Hal ini juga menjadi sebab adanya pemilihan aroma pada minyak kayu putih, minyak telon, minyak kapak, minyak rambut sampai pada minyak wangi. Dengan demikian bisa ditarik sebuah garis kesimpulan bahwa aroma mampu memengaruhi manusia secara persepsi, psikis dan perbuatan yang hendak dilakukan.
Aroma yang dimiliki bunga puspa karsa tergambarkan sangat rumit dipahami dan oleh manusia manapun belum bisa dibaui. Sungguh sebuah fiksi yang disertai penalaran yang logis. Dewi lestari tidak kelihatan mengada-ada dalam pencipataan sebuah bunga yang wujudnya hanya bisa dilihat, disentuh dan dicium aromanya oleh tokoh dalam Aroma Karsa. Itupun hanya dua manusia dengan kelebihan khusus yaitu Jati Wesi dan Tanaya Suma, anak Raras Prayagung.
“kenikmatan yang Suma rasakan semakin sensual. Wangi itu tidak hanya berhenti di penciumannya, tapi juga membelai kulitnya, bergulung di lidahnya, mengalun di telinganya, dan matanya menangkap kerlap-kerlip emas bagai dansa seribu kunang-kunang di langit malam”(hlm. 639).

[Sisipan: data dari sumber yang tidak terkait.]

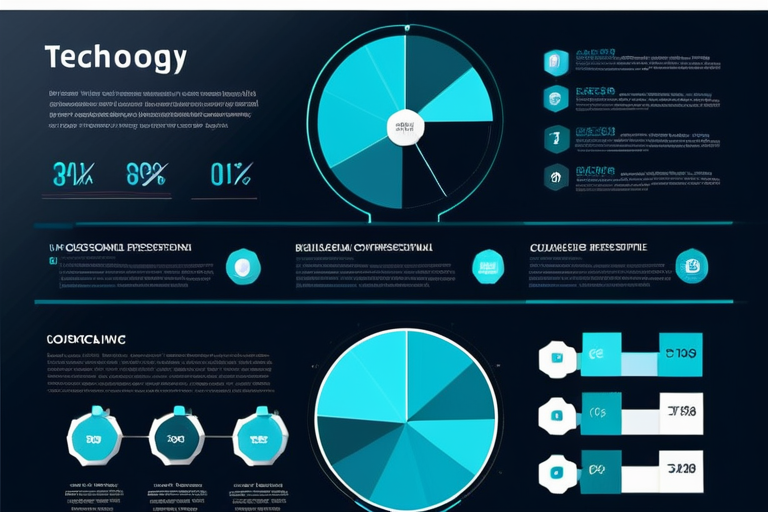 스마트 플러그, 꺼져도 전기는 먹나요? 대기전력과 아날로그 전력 절감법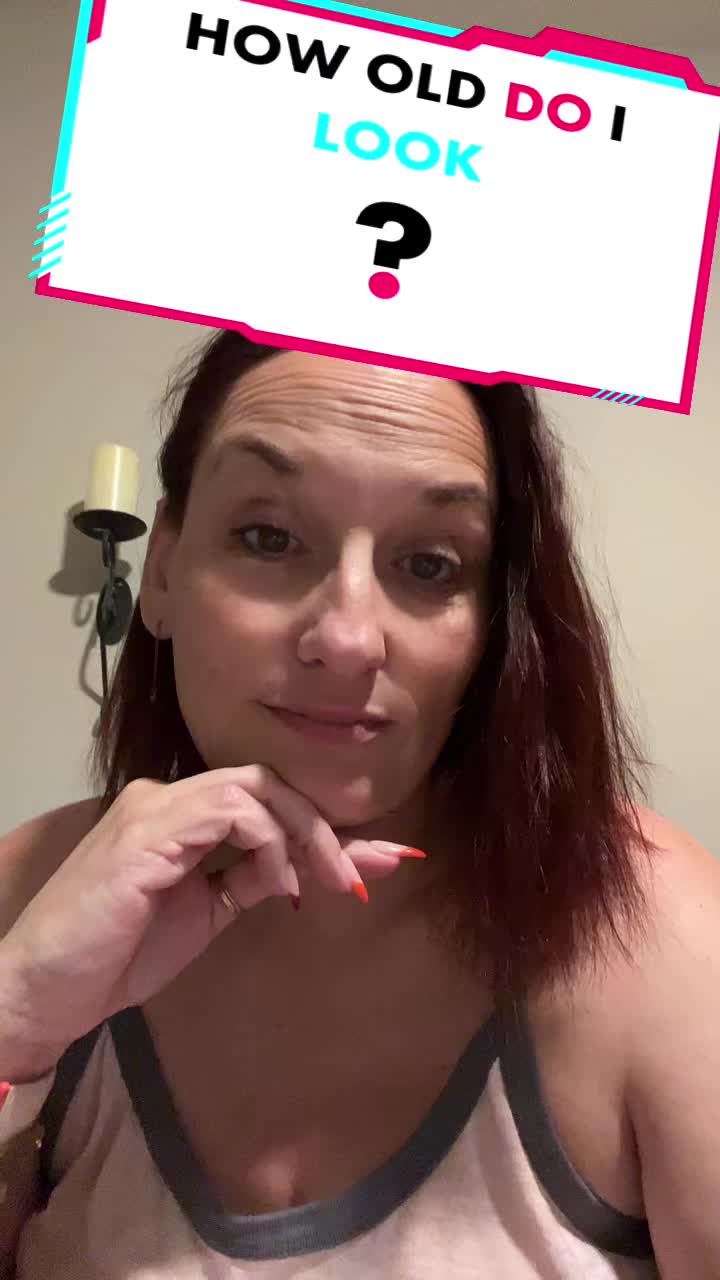 @Tinkifer77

Dengan penggambaran yang seperti itu reaksi tubuh macam apa yang terbentuk tak lain adalah perasaan terkuasai oleh aroma tersebut. Lalu apa yang terjadi ketika raga bukan sepenuhnya dikuasai oleh diri sendiri, maka yang dialami Suma berikutnya adalah “Suma jatuh terkulai. Erangnya memantul-mantul di dinding gua”(hlm.640)

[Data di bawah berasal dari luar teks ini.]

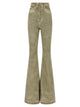 Drkshdw 'Bolan Bootcut' Jeans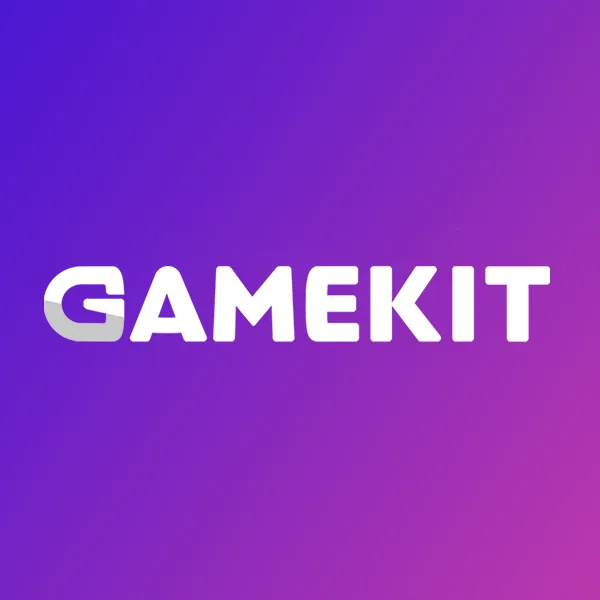 Gamekit how to create account without phone number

Puspa Karsa hadir sebagai bunga yang lebih mirip mitos, karena hanya keyakinan turun temurun dari eyang Raras yang benar-benar nyata sedangkan bunganya sendiri belum tentu benar adanya. Berbekal keyakinan yang Raras miliki, ia pun membentuk sebuah tim ekspedisi Puspa Karsa. Tentulah bukan ekspedisi biasa, tak perlu kompas dan maps karena memang takkan berguna. Cukup seorang Jati Wesi atau tanaya Suma yang mencari arah dengan hidung mereka.